((

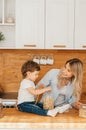 Healthy eating. Happy family mother and children prepares vegetable salad in kitchen Royalty Free Stock Photo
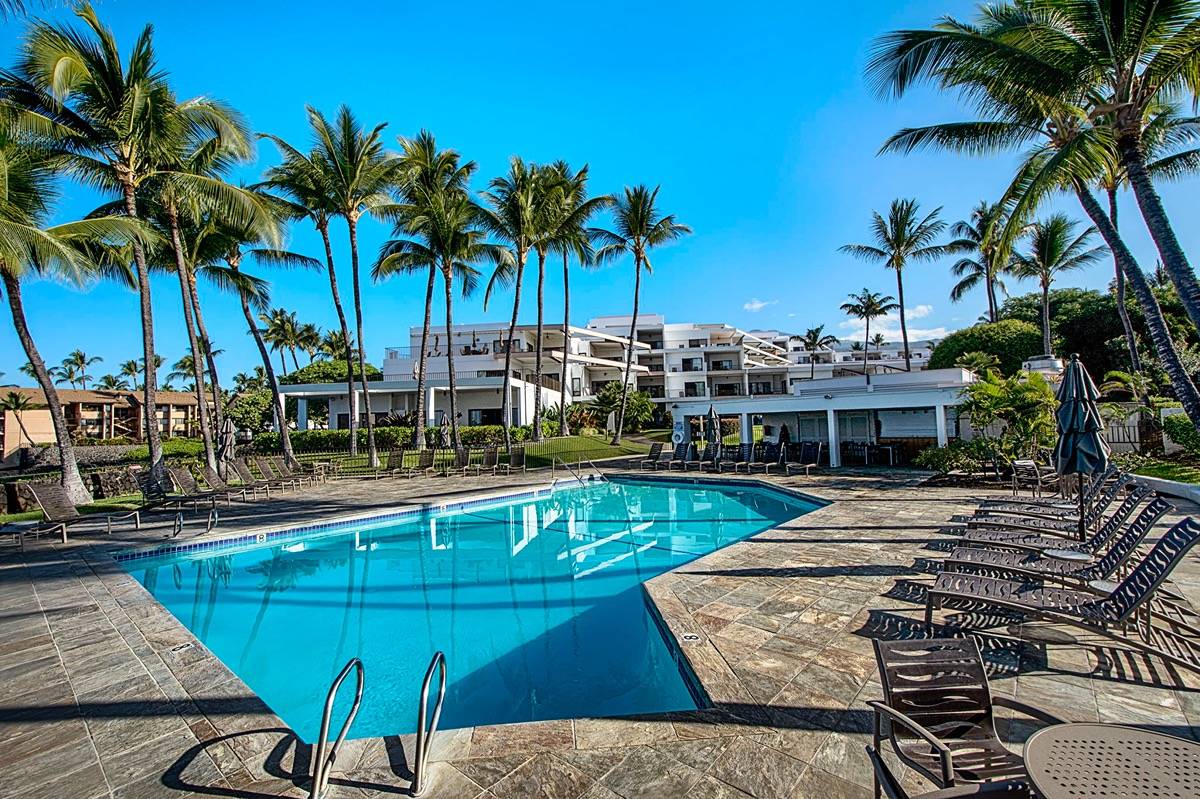 75-6040 Alii Drive, Unit 704 Kailua-Kona, HI 96740 - Photo 29 of 30 a view of a swimming pool with lounge chairs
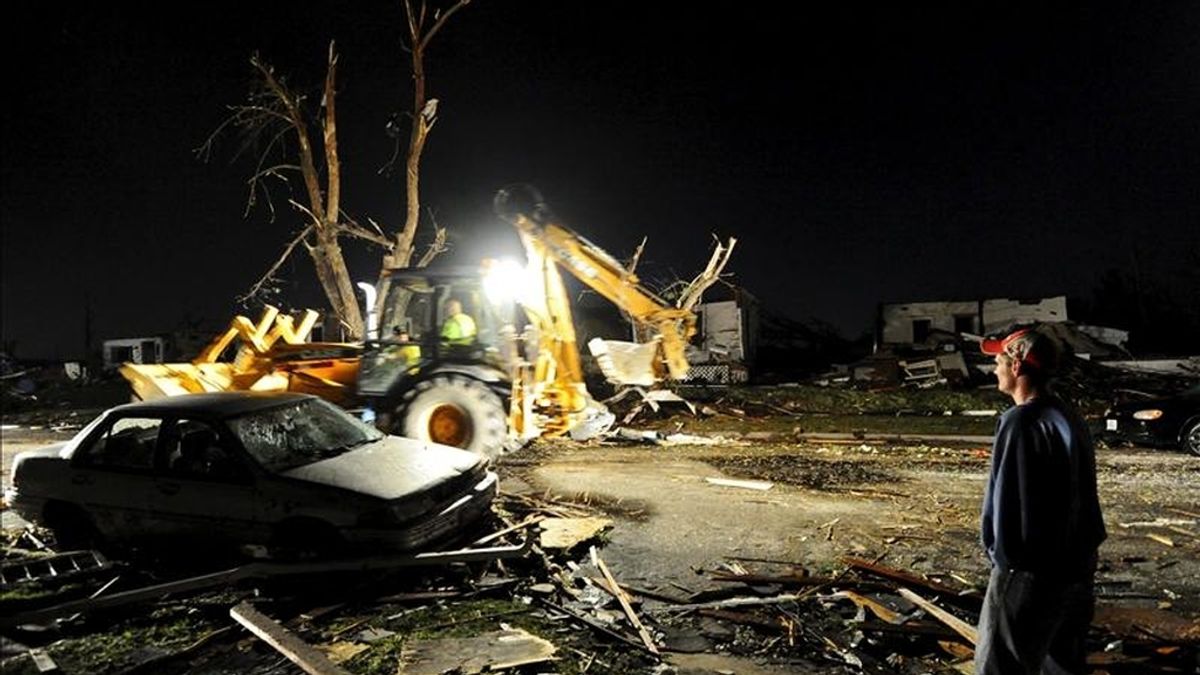 El residente Tedd Grabenauer observa a los servicios de emergencia despejando las calles frente a su casa después de que un devastador tornado asolara la ciudad de Joplin en Missouri (Estados Unidos) hoy, lunes, 23 de mayo de 2011.  EFE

))

Beginning with the line that contains "75-6040 Alii Drive, Unit", repeat every remaining line of the data exactly, the last line included, and omit pictures.

» **Exercise output**:
 75-6040 Alii Drive, Unit 704 Kailua-Kona, HI 96740 - Photo 29 of 30 a view of a swimming pool with lounge chairs
 El residente Tedd Grabenauer observa a los servicios de emergencia despejando las calles frente a su casa después de que un devastador tornado asolara la ciudad de Joplin en Missouri (Estados Unidos) hoy, lunes, 23 de mayo de 2011.  EFE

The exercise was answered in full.